Fireball stayed in the gas to make up as much lost time as possible. Though he made up a lap and then some on the leader, Pearson coaxed his car around the final four corners to score his first career NASCAR Grand National victory.

Source: Charlotte News

Friday, May 21, 2021

May 21, 1978 - Dover's Mason-Dixon 500

The middle third of the 30-race, NASCAR Winston Cup Series 1978 schedule opened with the Mason-Dixon 500 at Dover.

Source: Motor Racing Programme Covers
Buddy Baker captured the pole in M.C. Anderson's Chevy. Baker always had a reputation for running fast in small bursts - such as in qualifying. Yet his top spot at Dover was his first pole since the next-to-last race of the 1976 season at Atlanta. Baker's run also made him eligible for the inaugural Busch Clash scheduled for the following February.

Credit: Bryant McMurray / UNCC
Benny Parsons timed second in L.G. DeWitt's Chevy. Coincidentally, Parsons would move to Anderson's team in 1979 as Baker moved to Harry Ranier's team. David Pearson qualified third followed by Lennie Pond in the Ranier ride that would soon belong to Baker.

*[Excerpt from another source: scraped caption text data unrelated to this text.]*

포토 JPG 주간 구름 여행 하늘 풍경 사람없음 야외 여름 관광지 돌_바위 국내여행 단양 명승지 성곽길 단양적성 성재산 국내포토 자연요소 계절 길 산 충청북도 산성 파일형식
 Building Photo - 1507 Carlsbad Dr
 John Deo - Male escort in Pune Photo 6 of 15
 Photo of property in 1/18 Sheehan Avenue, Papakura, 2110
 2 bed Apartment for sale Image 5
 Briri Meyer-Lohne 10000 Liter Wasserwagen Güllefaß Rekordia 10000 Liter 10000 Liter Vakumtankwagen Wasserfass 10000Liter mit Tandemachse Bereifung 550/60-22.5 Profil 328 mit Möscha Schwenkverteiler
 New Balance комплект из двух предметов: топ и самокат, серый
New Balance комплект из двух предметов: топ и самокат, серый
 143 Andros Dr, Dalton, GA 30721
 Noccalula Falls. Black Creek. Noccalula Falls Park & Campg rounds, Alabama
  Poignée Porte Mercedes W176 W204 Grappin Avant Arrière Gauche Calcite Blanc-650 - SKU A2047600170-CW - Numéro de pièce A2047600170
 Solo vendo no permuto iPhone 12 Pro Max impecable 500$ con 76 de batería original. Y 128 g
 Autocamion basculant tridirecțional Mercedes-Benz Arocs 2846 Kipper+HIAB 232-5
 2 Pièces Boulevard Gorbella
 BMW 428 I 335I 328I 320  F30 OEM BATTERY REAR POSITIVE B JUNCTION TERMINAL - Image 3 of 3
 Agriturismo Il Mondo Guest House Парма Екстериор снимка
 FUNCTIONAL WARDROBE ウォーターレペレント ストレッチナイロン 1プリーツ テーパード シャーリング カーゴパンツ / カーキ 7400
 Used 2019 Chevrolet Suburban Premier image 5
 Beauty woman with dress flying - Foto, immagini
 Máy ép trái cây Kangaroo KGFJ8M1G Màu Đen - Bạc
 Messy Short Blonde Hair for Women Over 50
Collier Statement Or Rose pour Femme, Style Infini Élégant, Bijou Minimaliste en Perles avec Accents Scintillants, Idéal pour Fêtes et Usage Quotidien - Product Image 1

In an interesting twist on qualifying, drivers participated in some sort of drawing. Only the top 16 numbers were eligible to qualify on the first day. Richard Petty didn't draw high enough to lay down a first day lap. Pearson and his Wood Brothers team also missed the drawing as they were addressing an engine issue before their expected qualifying session. Yet the top 16 first-day qualifiers weren't locked in to their spots. Pearson returned on the second day, posted the third quickest lap over the two days, and knocked down the starters behind him by one spot.

Baker took off at the start to lead the first 24 laps before being passed by Pearson who led 10 of his own. Seventh place starter Darrell Waltrip then got around both of them and set sail out front for a stretch of nearly 50 laps.

Waltrip's career finishes at Dover had been nothing to boast about. He'd averaged around a P30 result for the first few years of his career. In 1977, however, the #88 Gatorade DiGard team found a little sump'n sump'n. DW finished fifth and sixth in Dover's two 1977 races, and the team looked to improve even more in 1978. 

Through a couple of cautions and cycling of pit stops, Baker, Pond, Bobby Allison, Cale Yarborough, and Dave Marcis all took turns leading a lap or two. Waltrip, however, rallied back each time to lead sizable chunks of laps.

After leading a stretch of nearly 100 laps, Waltrip pitted during a caution on lap 333. By that point, he'd lapped most of the field and was on his way to going +1 on all of the field. 

He hit pit road for routine service. A stop that should have been a quick tire change and fresh supply of fuel instead turned disastrous. A wheel stud snapped during a left front tire change. The crew hastily replaced the stud and sent Waltrip back on track. In making the change, however, a brake line was not reconnected. After Waltrip nearly ran through another car, he eased his way back to the pits for the additional repair. After leading about 300 laps and gaining a one-lap advantage on just about everyone, Waltrip lost three laps and eventually settled for a bitter tasting P6. He had to wait two more seasons before capturing his first of two career wins at the Monster Mile.

Source: The Tennessean
Shortly after Waltrip had his woes, Baker had even greater ones. His engine failed, and he returned home with a P23. With the fastest car three laps down and the pole-winner loaded on the trailer, Pearson found his groove and led 137 of the final 150 laps.

Pearson's 101st career Cup win was his first of the 1978 season. It was also his fifth and final Dover win - all earned in the Woods' Purolator Mercury. The 21 team notched two more Dover wins with Neil Bonnett in 1979 and 1981.